A city-block size asteroid will fly by Earth this weekend well beyond the orbit of the moon, and you can watch it zip safely by live in an online webcast.
The asteroid 2002 AM31 will make its closest approach to Earth on Sunday (July 22), when it will pass by at a range of about 3.2 million miles (5.2 million kilometers). That's about 13.7 times the distance between the Earth and the moon.
On Sunday, the Slooh Space Camera sky watching website will host two live webcasts to offer Internet denizens views of the space rock from telescopes at the Prescott Observatory in Arizona and the Canary Islands, off the west coast of Africa.
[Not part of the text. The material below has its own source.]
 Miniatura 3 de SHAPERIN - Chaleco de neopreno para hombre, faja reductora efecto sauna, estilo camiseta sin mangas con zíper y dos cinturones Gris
Asteroid 2002 AM31 has no chance of hitting Earth this weekend, scientists say, though it is on the watch list as an object that may one day pose a future concern. The space rock is listed as a "potentially hazardous asteroid" by the Minor Planet Center at Cambridge, Mass.
Asteroid 2002 AM31 was discovered in 2002 and is already being tracked by radar by astronomers at NASA's deep-space radio antenna in Goldstone, Calif., and at the Arecibo observatory in Puerto Rico for its weekend flyby.
A July 12 look at the asteroid by the Arecibo observatory radar suggests the asteroid is about 1,115 feet wide (340 meters), according to a Goldstone radar observation planning update. But a notice from NASA's Asteroid Watch program at the Jet Propulsion Laboratory in Pasadena, Calif., estimates that the asteroid is more than twice that size, with a diameter of about 2,600 feet (792 meters).
Sunday's webcasts are scheduled for 7:30 p.m. EDT (2330 UT) and 11 p.m. EDT (0300 July 23) GMT). They can be accessed at the Slooh website: www.slooh.com
"Near-Earth asteroid 153958 (2002 AM31) represents one of approximately 9,000 whizzing past Earth at any given moment and we wanted to highlight this one as it's only 13.7 lunar distances from Earth and well over one city block big — similar to near-Earth asteroid LZ1 which zoomed past us unexpectedly mid-June," Slooh Space Camera president Patrick Paolucci told SPACE.com.
Paolucci, Slooh's Paul Cox and Astronomy Magazine's Bob Berman will provide commentary during the asteroid flyby webcast, with astronomer Matt Francis of the Prescott Observatory joining for the second session.